First off, it’s important to recognize that according to popular lore, MongoDB actually gets its name from the word “humongous.” Whether that bit of Internet trivia is true or not, it serves to underscore that MongoDB isn’t built to provide the exact same feature set as your average relational database. To Mongo, scalability ranks high, and toward that end, MongoDB is willing to sacrifice a little consistency, trading off ACID transaction capabilities across the cluster in favor of “eventual consistency.”

This system might not ever reach the scale of bazillions of records; in fact, I’d be quite shocked if it ever came within shouting distance of needing it. However, MongoDB has another feature that ranks equally high on the “this is worth exploring” scale of intrigue and that’s its data model: It’s a document-oriented database. This means that instead of the traditional relational tables-and-columns schema-enforced model, MongoDB uses a data model of “schema­less” documents gathered into collections. These documents are represented in JSON, and as such each document is made up of name-value pairs, where the values can be traditional data types (strings, integers, floating-point values, Booleans and so on), as well as more “composite” data types (arrays of any of the data types just listed, or child objects that in turn can have name-value pairs). This means, offhand, that the data modeling will be a bit different than you might expect if your only experience is with a relational database; this application is small enough now that these differences won’t be very overt, but it’s something to keep in mind when working with more complex storage needs.

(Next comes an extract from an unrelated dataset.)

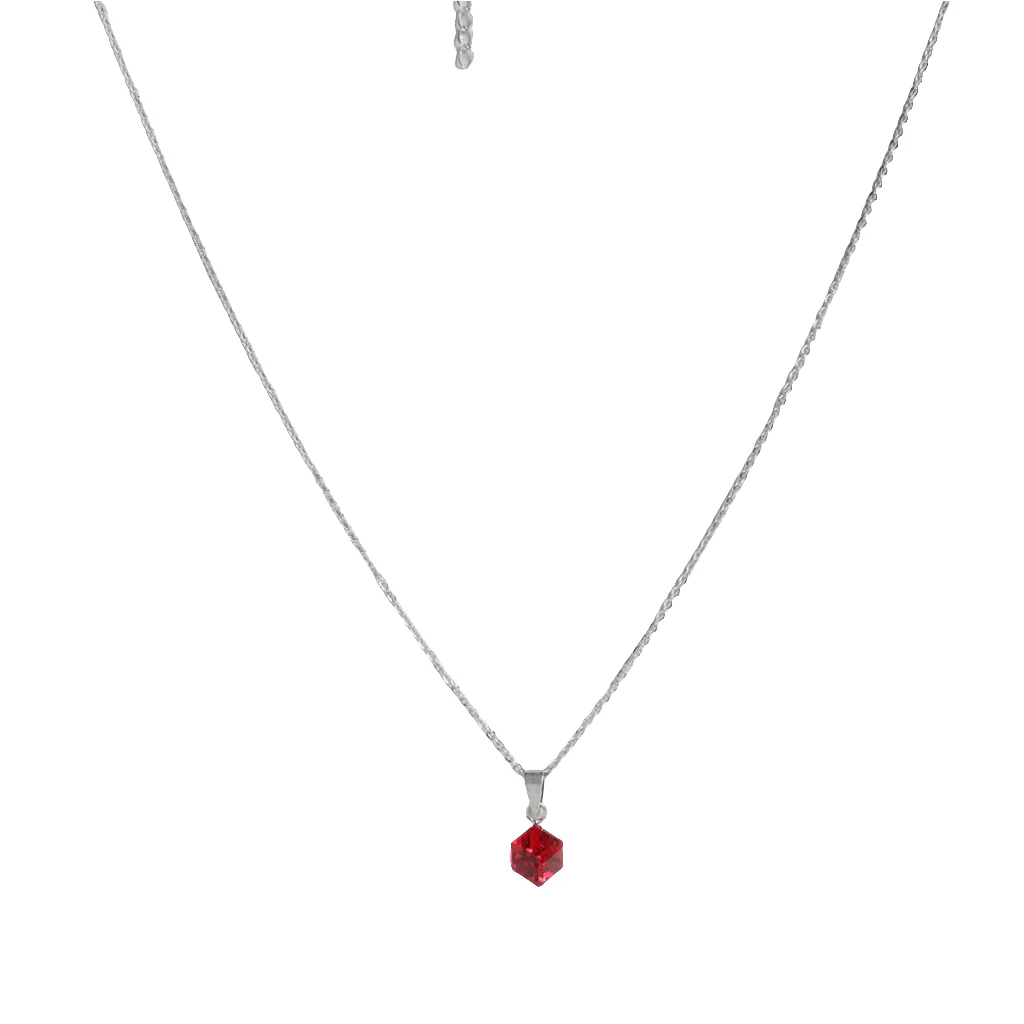 Red Love 925 Sterling Silver CZ Necklace - Image 5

Note: For a deeper look at MongoDB from a .NET developer’s perspective, check out this column’s 201 three-part series on MongoDB (bit.ly/1J7DjOB).

Data Design

From a design perspective, seeing how the “persons” data model will map against MongoDB is straightforward: there will be a “persons” collection and each document inside that will be a JSON-based bundle of name-value pairs and so on.

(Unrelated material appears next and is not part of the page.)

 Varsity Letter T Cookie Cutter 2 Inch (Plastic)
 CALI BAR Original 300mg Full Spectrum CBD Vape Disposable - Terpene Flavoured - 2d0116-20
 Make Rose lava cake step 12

And that’s pretty much it. Seriously. This is part of the reason that document-oriented databases are enjoying such favor in the development community—the startup curve to getting data into them is ridiculously low, compared to their schema-based relational counterparts. This has its own drawbacks, too, of course—one typo and suddenly all the queries that are supposed to be based on “firstName” are suddenly coming back empty, because no document has a field “firstName”—but I’ll look at a few ways to mitigate some of these later.

For now, let’s look at getting some data into and out of MongoDB.

Data Access

The first step is to enable the application to talk to MongoDB; that involves, not surprisingly, installing a new npm package called “mongodb.” So, by now, this exercise should seem almost automatic:

npm install --save mongodb

The npm tool will churn through its usual gyrations and when it returns, the Node.js MongoDB driver is installed into the node_modules directory. If you get a warning from npm about a kerberos package not being installed (“mongodb-core@1.2.28 requires a peer of kerberos@~0.0”), this is a known bug and seems fixable by simply installing kerberos directly via npm (“npm install kerberos”). There shouldn’t be any problems beyond that, but of course, this is all subject to the next release of any of these packages—such is the joy of developing on the bleeding edge.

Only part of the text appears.